Par le plus grand des hasards, je parvenais occasionnellement à me faufiler jusqu'à une pièce en tous points semblable à celle de MA maison (apparemment assimilée, voir engloutie, par l'effroyable demeure). Je passais ainsi une porte et me retrouvais comme par miracle dans ma salle de bain. Quel soulagement! malheureusement, comme on s'en doute, de courte durée, car une fois abandonné ce modeste sanctuaire, impossible de le retrouver.
Un soir, je sentis une présence dans mon dos, un souffle rauque sur ma nuque, une ombre angoissante, une menace impalpable. Je repris aussitôt ma course folle dans les couloirs et les salles, désormais nantis d'un habitant hostile. Ah, ça oui, il me fallait sortir de ce guêpier! Ma vie en dépendait, je le sentais.

Peu à peu, d'autres se joignirent à moi. Un homme tout d'abord, puis un autre, une femme, des enfants, des vieillards... Au total, un groupe d'une quinzaine de personnes, toutes aussi désireuses que moi de quitter cet endroit maudit. Presque instinctivement, j'en pris le commandement car, après tout, c'était ma maison qui sommeillait sous cet amas de velours, de marbres et de boiseries anciennes. Qui donc pourrait mieux la connaître que moi?
Les nuits passèrent sans que la présence sombre ne nous laisse le moindre répit. Nul ne l'avait encore vu, mais chacun savait que si une telle rencontre avait lieu, ce serait leur dernière. Ma meute est étrange. Elle ne me connaît pas. Pas plus que je n'y décèle un visage vaguement familier. Ils n'ont pas d'existence autre que celle que je veux bien leur prêter. Ils bavardent tout juste, me répondent à peine. Aucun n'a de nom. Aucun ne prend d'initiative. Ils se contentent de me suivre et d'espérer.

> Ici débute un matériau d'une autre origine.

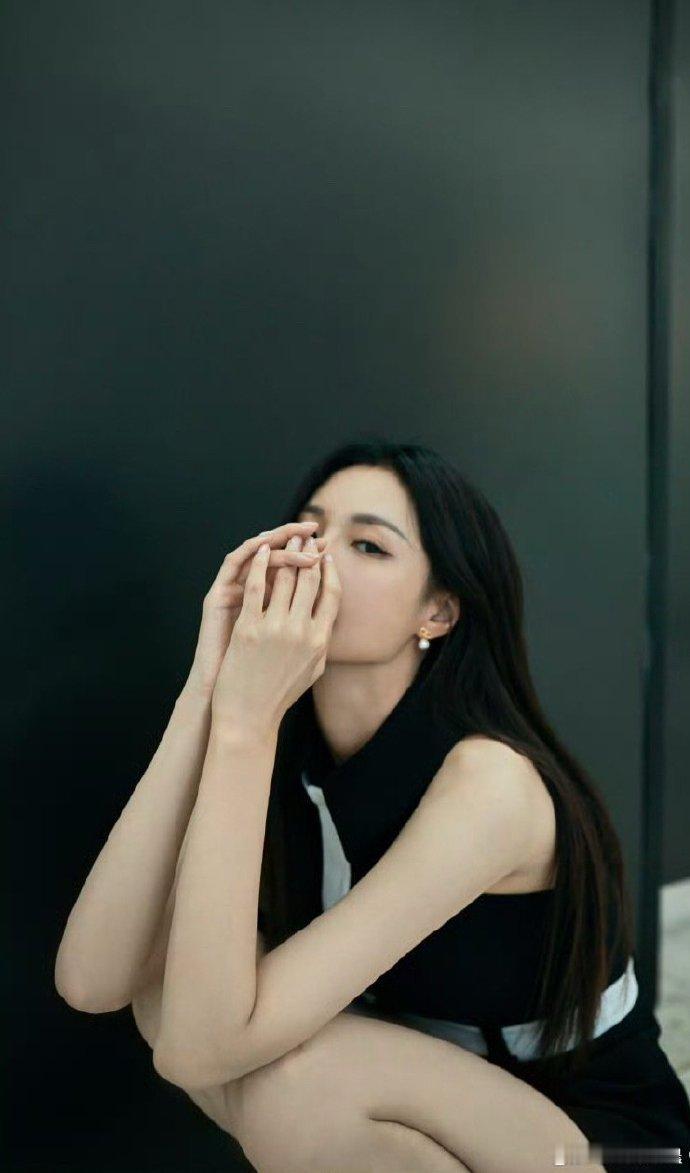 沈梦辰祝歌手都喜提好听歌手2026 借着这份美好祝福，静待歌手们唱响盛夏好声音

Un matin, enfin, je poussais une porte grinçante et me retrouvais, non sans enthousiasme, dans la cuisine du pavillon. Le point de départ. Ils s'avancèrent timidement, s'adossèrent au plan de travail, aux montants de la porte, s'installèrent sur les chaises ou en tailleur sur le carrelage. Je demeurais interdite, incapable de me détendre, de m'effondrer ou, tout bêtement, de sauter au plafond. Je me revois encore tendre une main tremblante vers la poignée de la porte vitrée, celle qui mène au jardin. Un petit jardin verdoyant, fleurit, inondé par la lumière accueillante d'un soleil à peine levé. Un jardin que je connais bien, qui nous appelle et sourit de nous voir presque libérés après une si grande épopée.

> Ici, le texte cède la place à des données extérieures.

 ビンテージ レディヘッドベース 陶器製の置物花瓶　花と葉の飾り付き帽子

Je saisis la poignée. Une issue ! Je croise les doigts de l'autre main (la droite, celle de la raison qui, refusant d'entendre la mienne, a décrété, il y a fort longtemps, qu'elle s'en tapait l'oreille). Qu'elle s'ouvre! Qu'elle s'ouvre, par pitié! Ô miracle! La porte cède et révèle le paradis.

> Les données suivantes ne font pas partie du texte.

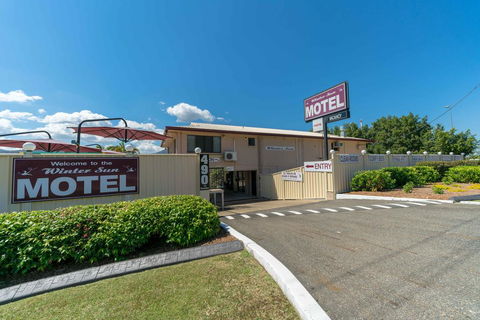 Winter Sun Motel - Accommodation Airlie Beach 2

Ravie, je me tournais aussitôt vers mes camarades pour les enjoindre de quitter au plus vite le manoir, son ombre sournoise, ses détours et tapisseries. Lesquels me gratifièrent, après avoir puisé ce qu'ils pouvaient dans le frigidaire familial, d'un très chaleureux :
"Oh, ça va, relax! On a le temps."

J'abandonnais donc mon jardin d'Eden pour me joindre à eux et lever nos verres à la liberté. Après tout, que pouvait-il nous arriver d'affreux, dès lors la porte déverrouillée?